Details Ticket 3354


Comment | Reply | Open


Serial Number 3354
Subject v.in.ascii crashing on large inputs
Area grass6
Queue grass
Requestors adanner@cs.duke.edu
Owner mneteler
Status resolved
Last User Contact Tue Jul 4 15:28:56 2006 (2 yr ago)
Current Priority 70
Final Priority 70
Due No date assigned
Last Action Tue Jul 4 15:29:00 2006 (2 yr ago)
Created Thu Jun 16 17:58:03 2005 (3 yr ago)

Transaction History Ticket 3354


Thu, Jun 16 2005 17:58:03    Request created by guest  
Subject: v.in.ascii crashing on large inputs

Platform: GNU/Linux/i386
grass obtained from: CVS
grass binary for platform: Compiled from Sources
GRASS Version: 6.1 CVS 11 June

A followup to bug 2903. I cannot import more than about three or four million
LIDAR points using v.in.ascii. It crashes with an out of memory error. 

From: 	Hamish
In reply to: Andrew Danner
Re: [GRASSLIST:7168] v.in.ascii out of memory
Date: 	Thu, 16 Jun 2005 15:42:02 +1200  (05:42 CEST)

> I'm trying to import a somewhat large file of 24.8 million LIDAR
> points (866MB) into GRASS 6.1 (11 Jun CVS) using v.in.ascii

Status: (all due to memory limitations [ie leaks])
  GRASS 6.0.0's v.in.ascii   ~ 100k points
  GRASS 6.1-cvs v.in.ascii   ~ 3M points (you)

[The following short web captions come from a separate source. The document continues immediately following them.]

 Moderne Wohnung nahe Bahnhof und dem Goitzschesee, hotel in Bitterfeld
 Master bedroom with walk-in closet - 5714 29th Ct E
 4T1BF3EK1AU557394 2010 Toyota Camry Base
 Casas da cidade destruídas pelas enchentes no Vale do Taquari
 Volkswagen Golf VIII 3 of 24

> File format is just a list of easting, northing, and elevation in NC
> state-plane. 
> 
> 1939340.8400,825793.8900,657.2200
> 1939071.9500,825987.7800,660.2200
> 1939035.5200,826013.9700,662.4600
> 1938762.4500,826210.1500,686.2800
> 
> 
> I'm using
> 
> v.in.ascii -z input=strip_09.txt output=g6Npts fs=, z=3

try with -t too. No need to create a table if you have no attributes!

*This only offers a small improvement of < 100000 points
 
> and I get the following:
> 
> Maximum input row length: 34
> Maximum number of columns: 3
> Minimum number of columns: 3
> 
> Building topology ...
> Registering lines: ERROR: G_realloc: out of memory
> 
> There shouldn't be any lines to register. This is just a list of
> points. Any ideas?

I've seen the same thing. Not sure if it has to know everything to 
build topology or if it is a memory leak. I think it's a leak.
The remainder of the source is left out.